── Input records ──

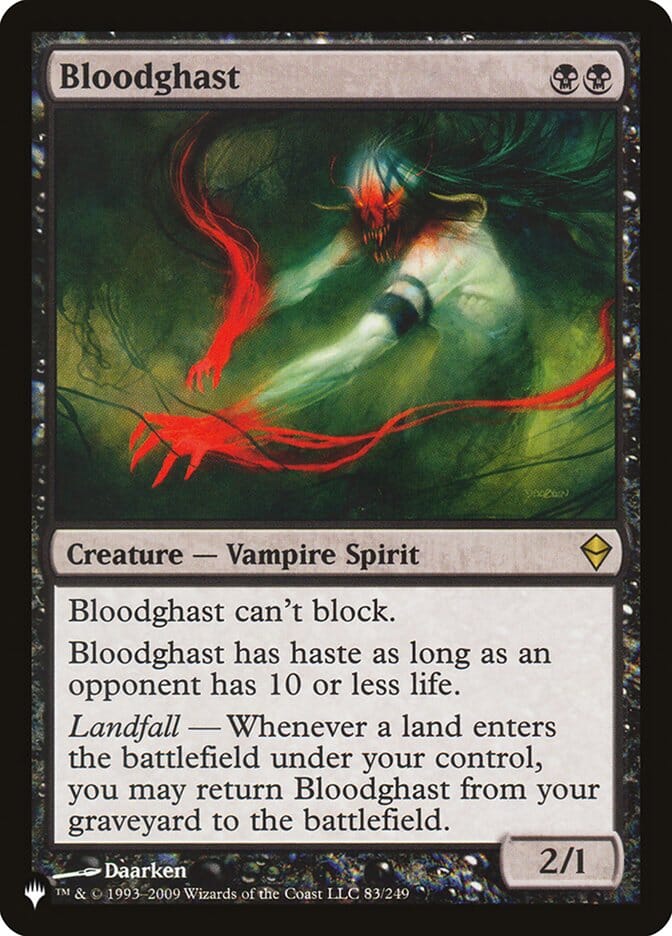 Bloodghast [The List] MTG Single Magic: The Gathering  | Multizone: Comics And Games
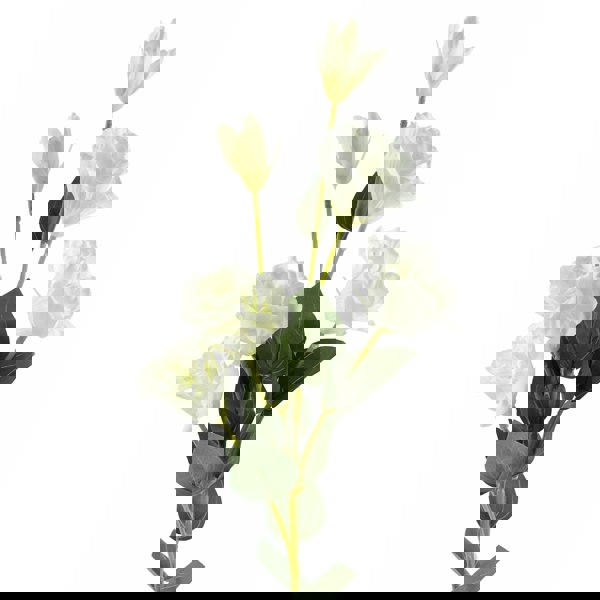 Leaf Pack of 6 x 80cm Artificial White Wild Rose Stem - 36 Flowers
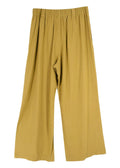 Momoni Olive Green Wide Leg Linen Trousers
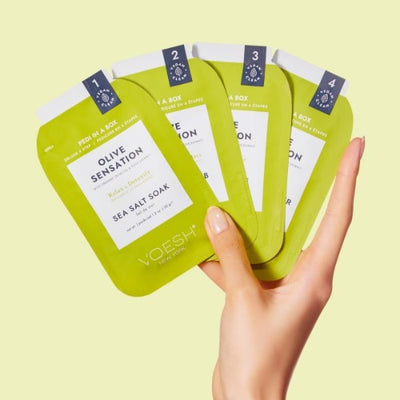 example of Olive Sensation 4 in 1 PediBox by Voesh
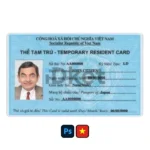 Vietnam Residence Permit PSD Template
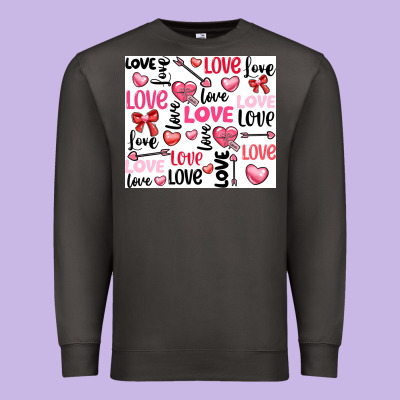 Love Premium Sweatshirt Designed By Lillyallendesigns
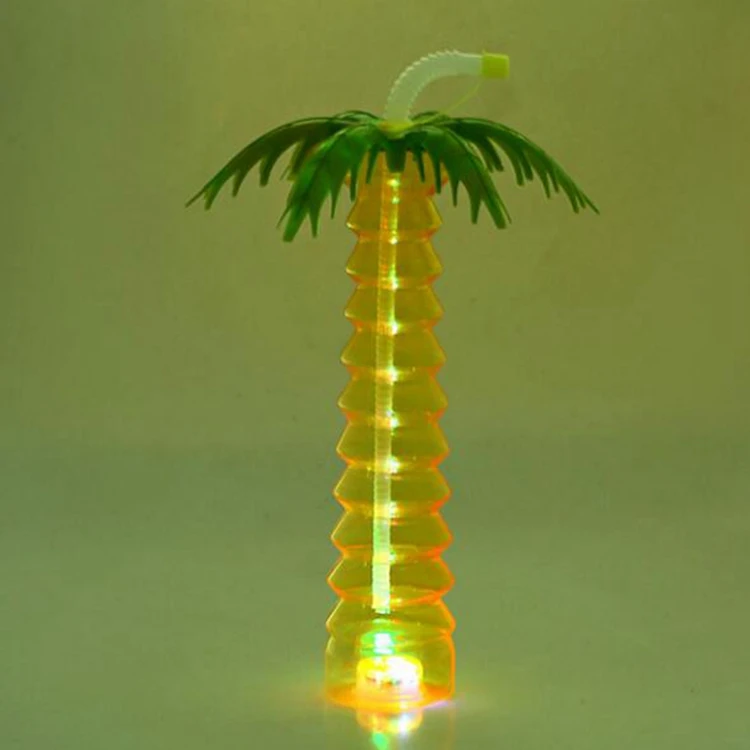 Factory Direct Disposable Luminous Palm Tree Cup Led Children's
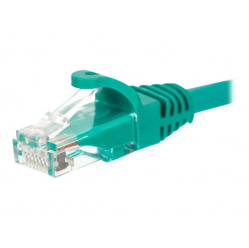 Kabel NETRACK BZPAT7UG krosowy RJ45, oslonka zalewana, kat. 5e UTP, 7 m zielony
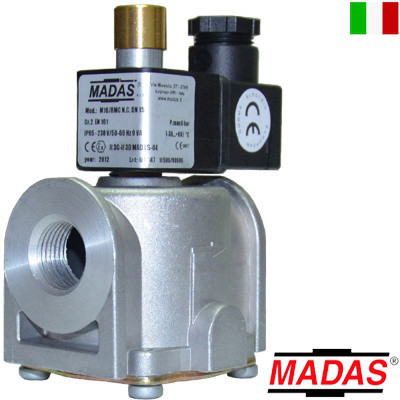 Електромагнітний клапан M16/RMC N. C., DN20 (MADAS), P=6 bar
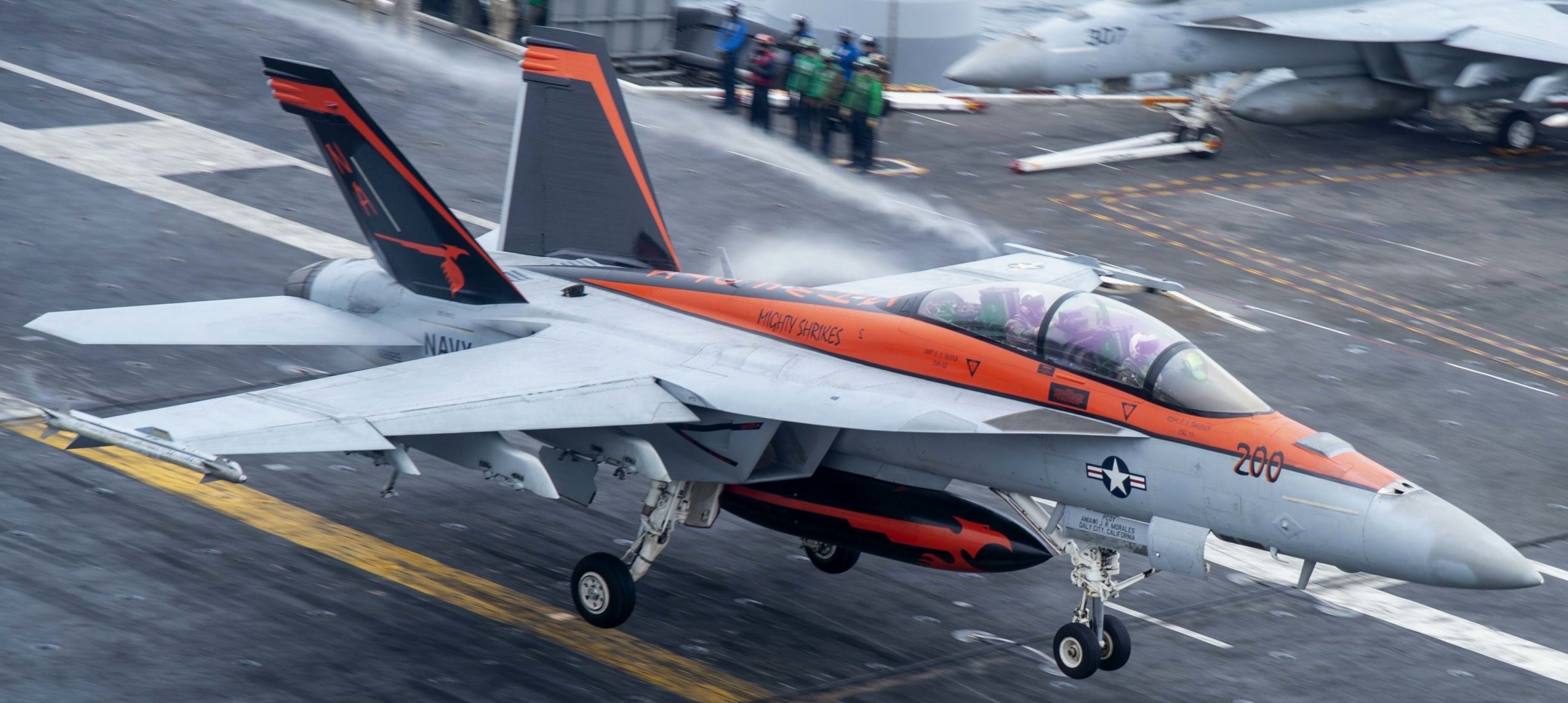 vfa-94 mighty shrikes strike fighter squadron f/a-18e super hornet cvw-17 uss nimitz cvn-68 us navy 80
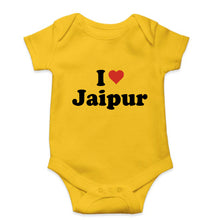 Load image into Gallery viewer, I Love Jaipur Kids Romper For Baby Boy/Girl-0-5 Months(18 Inches)-Yellow-Ektarfa.online
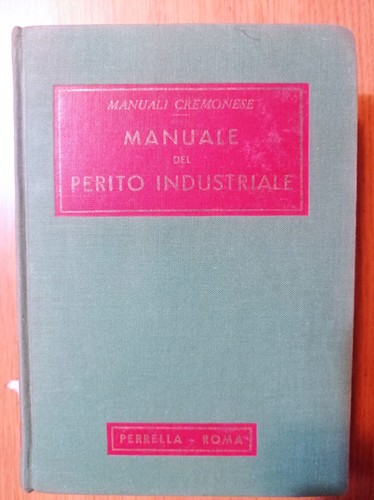Manuale perito industriale - manuale, di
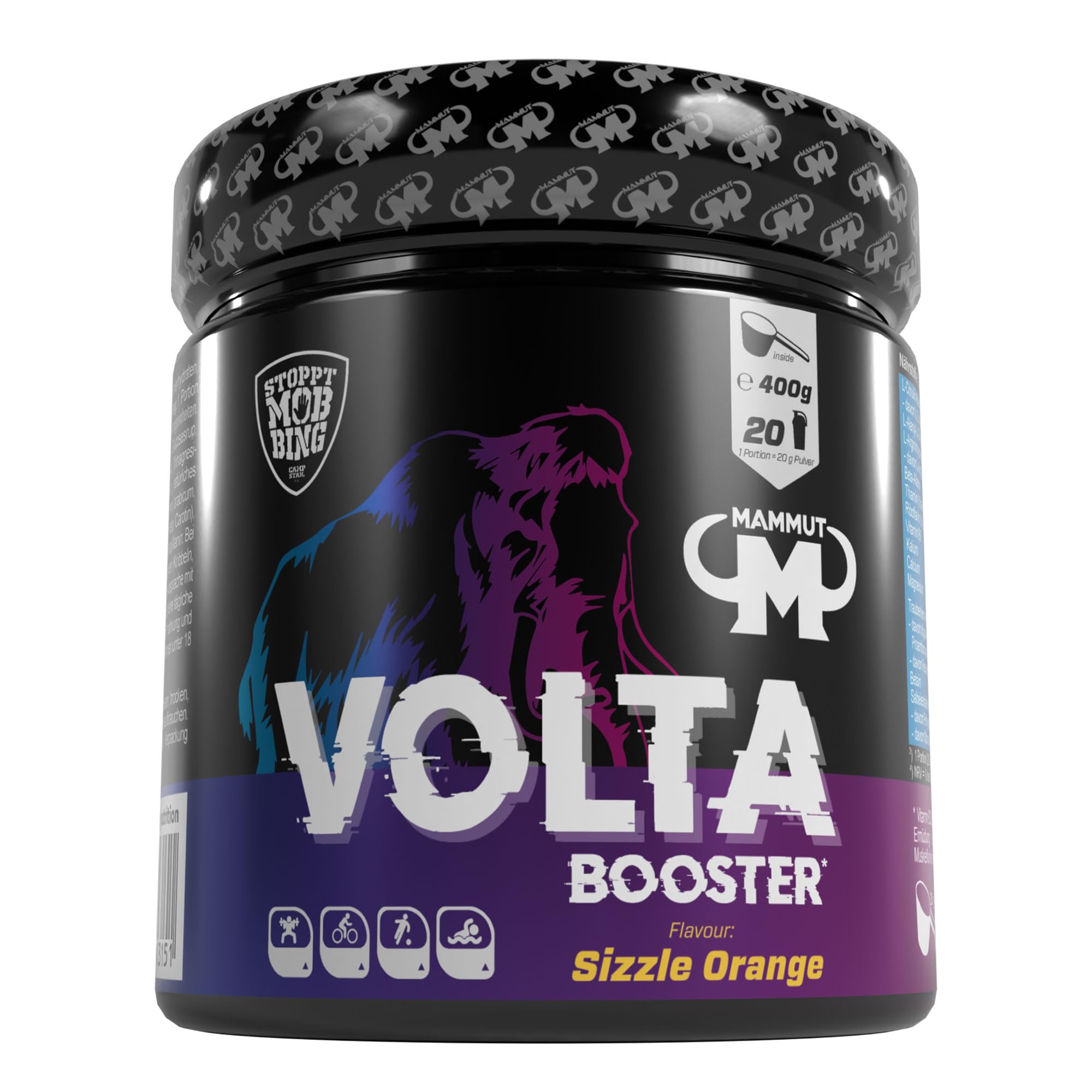 mammut-nutrition-volta-pre-workout-booster-ohne-koffein-400-g-orange image 1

───

• _What the exercise asks_
Beginning with the first line of the records above, extract each line exactly through the line that holds "Love Premium Sweatshirt", both ends included. Omit pictures.

• _Output for this exercise_
 Bloodghast [The List] MTG Single Magic: The Gathering  | Multizone: Comics And Games
 Leaf Pack of 6 x 80cm Artificial White Wild Rose Stem - 36 Flowers
 Momoni Olive Green Wide Leg Linen Trousers
 example of Olive Sensation 4 in 1 PediBox by Voesh
 Vietnam Residence Permit PSD Template
 Love Premium Sweatshirt Designed By Lillyallendesigns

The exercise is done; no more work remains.